**EXCERPTED RECORDS:**
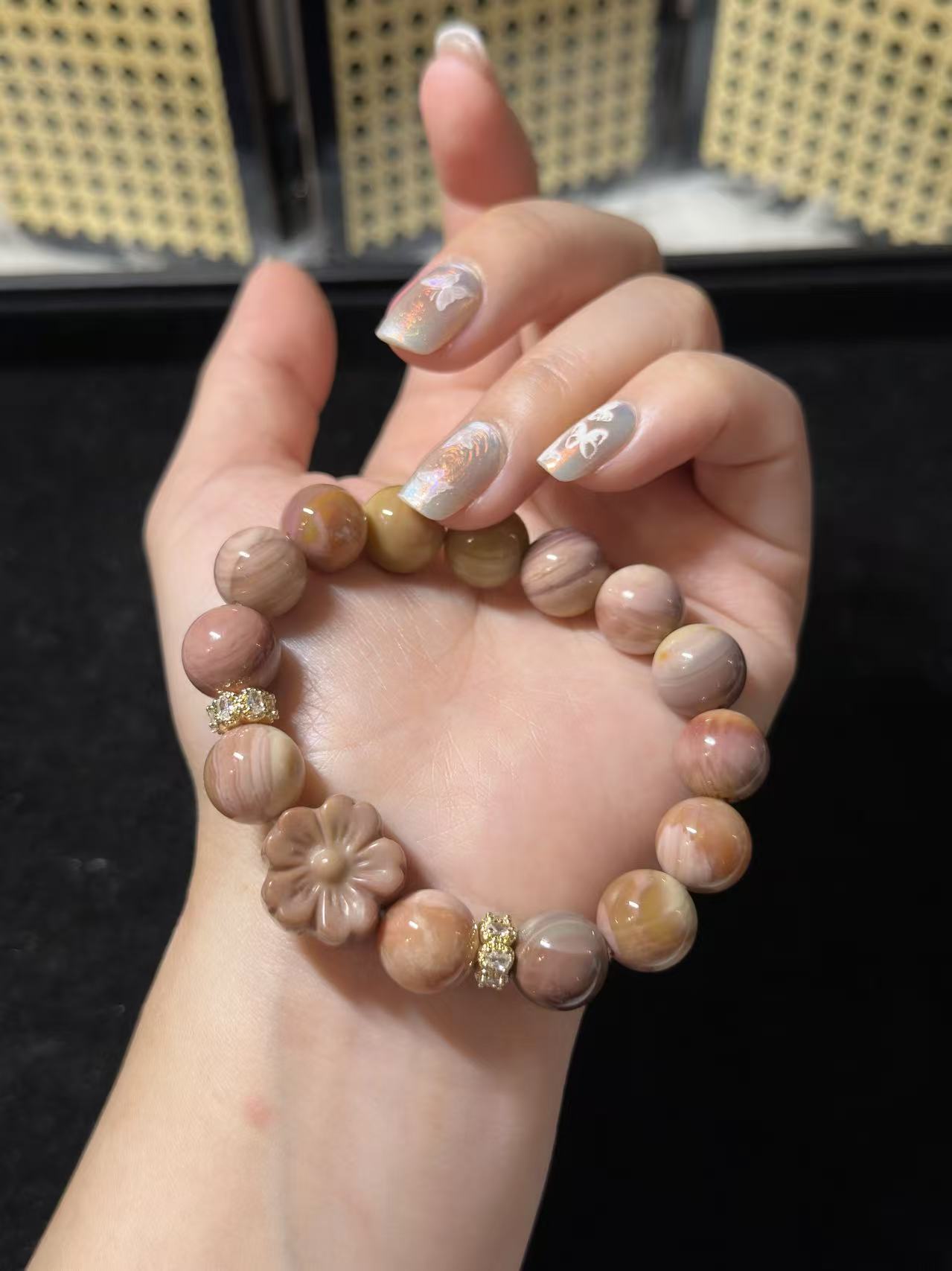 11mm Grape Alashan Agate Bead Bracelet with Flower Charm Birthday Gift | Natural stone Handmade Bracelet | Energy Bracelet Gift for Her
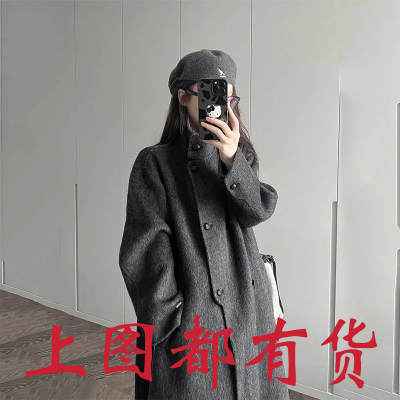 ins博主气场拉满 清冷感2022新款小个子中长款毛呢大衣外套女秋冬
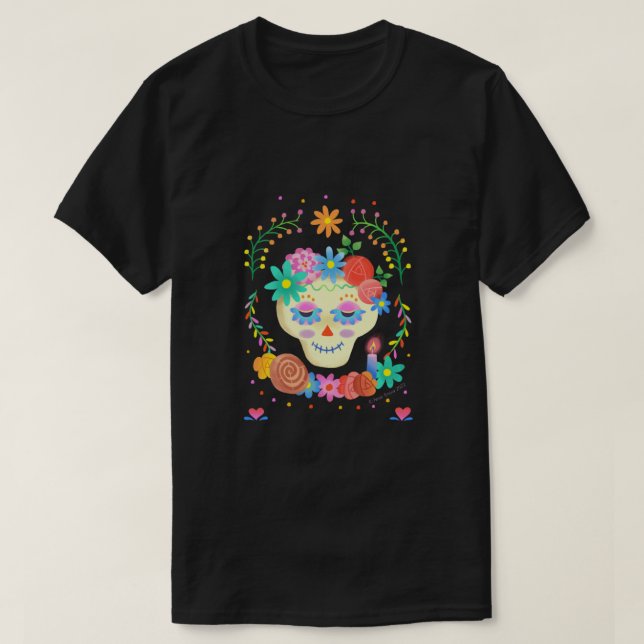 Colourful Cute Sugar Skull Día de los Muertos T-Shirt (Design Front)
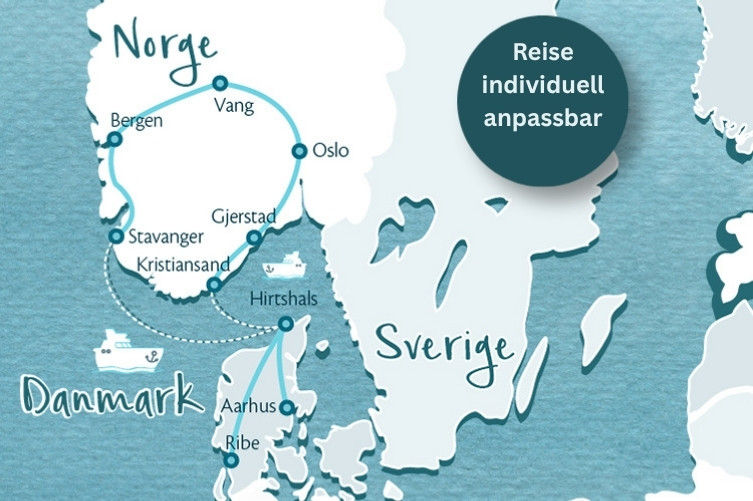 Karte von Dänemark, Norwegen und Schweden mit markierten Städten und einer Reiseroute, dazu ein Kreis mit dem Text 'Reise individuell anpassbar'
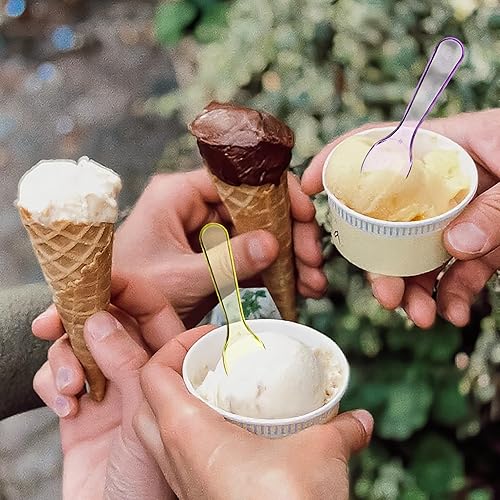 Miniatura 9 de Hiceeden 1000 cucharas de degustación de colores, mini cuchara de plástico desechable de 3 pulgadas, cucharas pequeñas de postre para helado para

**TRY IT:**
Could you restate the entries word for word, skipping any pictures?

**RESULT OF THIS EXERCISE:**
 11mm Grape Alashan Agate Bead Bracelet with Flower Charm Birthday Gift | Natural stone Handmade Bracelet | Energy Bracelet Gift for Her
 ins博主气场拉满 清冷感2022新款小个子中长款毛呢大衣外套女秋冬
 Colourful Cute Sugar Skull Día de los Muertos T-Shirt (Design Front)
 Karte von Dänemark, Norwegen und Schweden mit markierten Städten und einer Reiseroute, dazu ein Kreis mit dem Text 'Reise individuell anpassbar'
 Miniatura 9 de Hiceeden 1000 cucharas de degustación de colores, mini cuchara de plástico desechable de 3 pulgadas, cucharas pequeñas de postre para helado para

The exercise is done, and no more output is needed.